At the knotty core of Jack Thorne’s adaptation of Alexander Masters’ backwards biography is a lingering question mark around structure and emphasis. As the name suggests, Masters’ account of the life of self-labelled “chaotic homeless” Stuart Shorter is told in reverse chronology, starting with his troubled adult life and tracing back his experiences in an attempt to discover what brought him onto the streets. The struggle that Thorne faces in bringing this story to the stage – and the same struggle that Masters grappled with in the writing of the book – is balancing Stuart’s life with that of his biographer.
As a result, this stage version feels a little front heavy. Much time and energy is invested in establishing the relationship between Stuart and Alexander, an unlikely friendship that begins when they are both campaigning for the release of two wrongly imprisoned homeless workers. Stuart (brilliantly and compassionately portrayed by Fraser Ayres) is unpredictable, intermittently violent and oddly charming; Alexander has all the awkward reserve of middle-class angst. An immediate, unexpected connection develops into affection and fascination, as Alexander is more and more drawn to Stuart’s life, leading eventually to the decision to document his friend’s experiences. It’s a task, however, that becomes increasingly challenging and all-consuming.
As though a tad uncomfortable with its own attempt at representation, there is an air of slight awkwardness that pervades the piece. This finds itself channelled through Will Adamsdale’s Alexander, to whom the actor lends his particular and strangely appealing brand of jittery anxiety and middle-class discomfort. There is a sense in which the piece can’t win; it will always tell this story, as Stuart sardonically accuses, through “middle-class modes of discourse”. It’s a challenge not to patronise or unconsciously impose a certain language, injecting it with a profundity that appeases the cultural superiority of theatremakers and audiences alike. The only way of negotiating that challenge, as this production does, is to deconstruct and problematise as it goes, unapologetically flagging up its own failings.

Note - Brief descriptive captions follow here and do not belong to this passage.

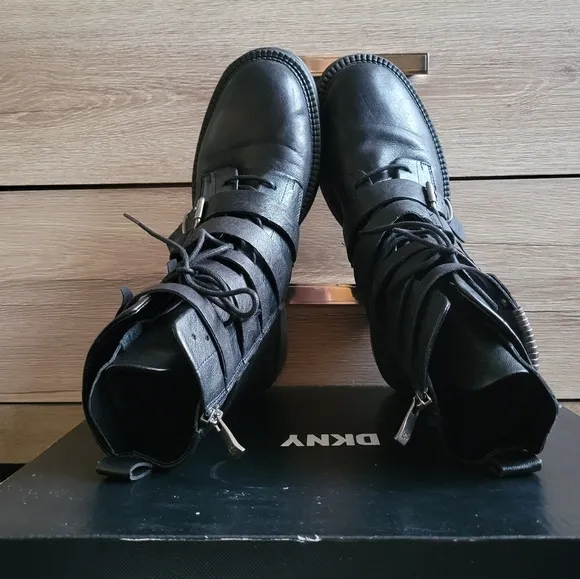 DKNY Black Buckled Side Zip Boots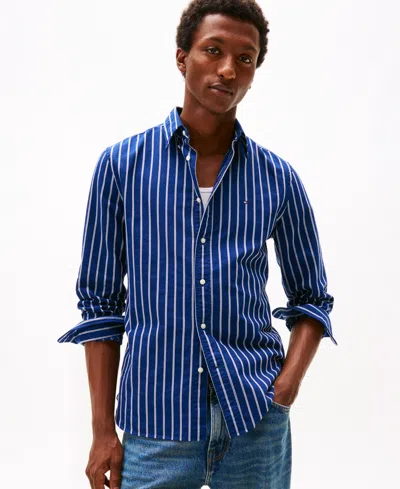 Tommy Hilfiger Men's Heritage Stripe Oxford Long Sleeve Shirt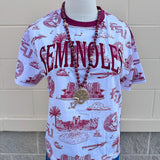 [Stewart Simmons] FSU Team Toile Embroidered Tee - The Pink Pineapple 850
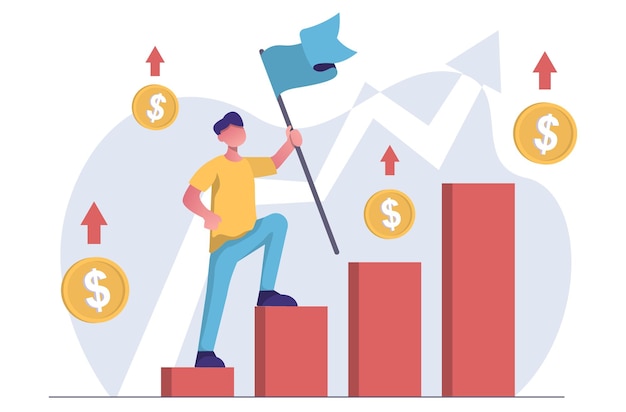 Vector financial perspective a man holds the flag and walks up the growth chart
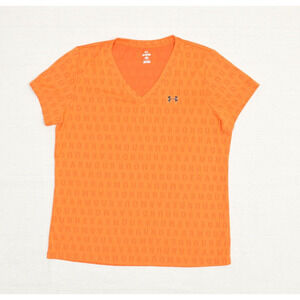 Under Armour Women T Shirt Top Logo V Neck Polyester Orange Size XL Loose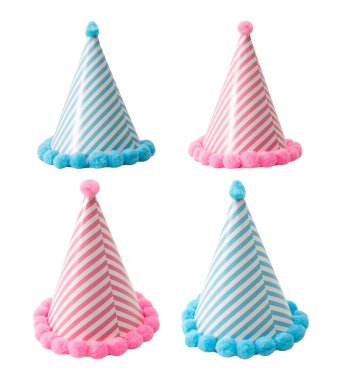 Parti şapka kümesi kırpma yolu ile beyaz arkaplan izole.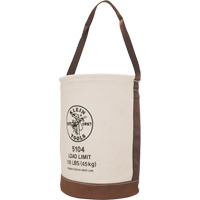 Bucket with Leather Bottom, 17" H, Canvas, Beige Equipment World
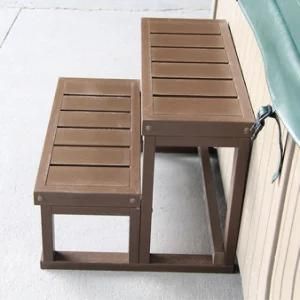 2-Step Stool Brown Hot Tub Step, waterproof SPA Step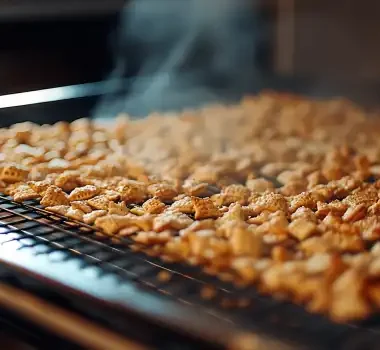 How do you make Chex Mix not soggy. A wire rack holds freshly baked snacks releasing steam in a kitchen setting.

There is also an effort on the part of Mark Rosenblatt’s production to draw attention to the constructed nature of this version of a life. In a nod to the authoring of the book, Alexander frequently steps out of events in an attempt to make sense of them, while overlapping memories, thoughts and experiences swirl around him. Jon Bausor’s set design, meanwhile, takes the form of a set of empty metal scaffolds that can be manipulated at will, surrounded by the messy, scattered paraphernalia of a life. The suggestion is that any existence is fragile, chaotic and impossible to make sense of without the artificial imposition of some kind of order.
And Stuart himself understood better than anyone that the attempt to truthfully capture the complexity of an individual is essentially futile. After reading a dull and drily academic first draft of Alexander’s book, he demands something with more mystery and excitement – something in the style of a Tom Clancy bestseller. His biographer has obliged with a chronicle that must always be part fiction. Because you can’t “discover” a person or bottle the essence of their life like a specimen. As Stuart realised with startling eloquence, there are some things that just can’t be explained.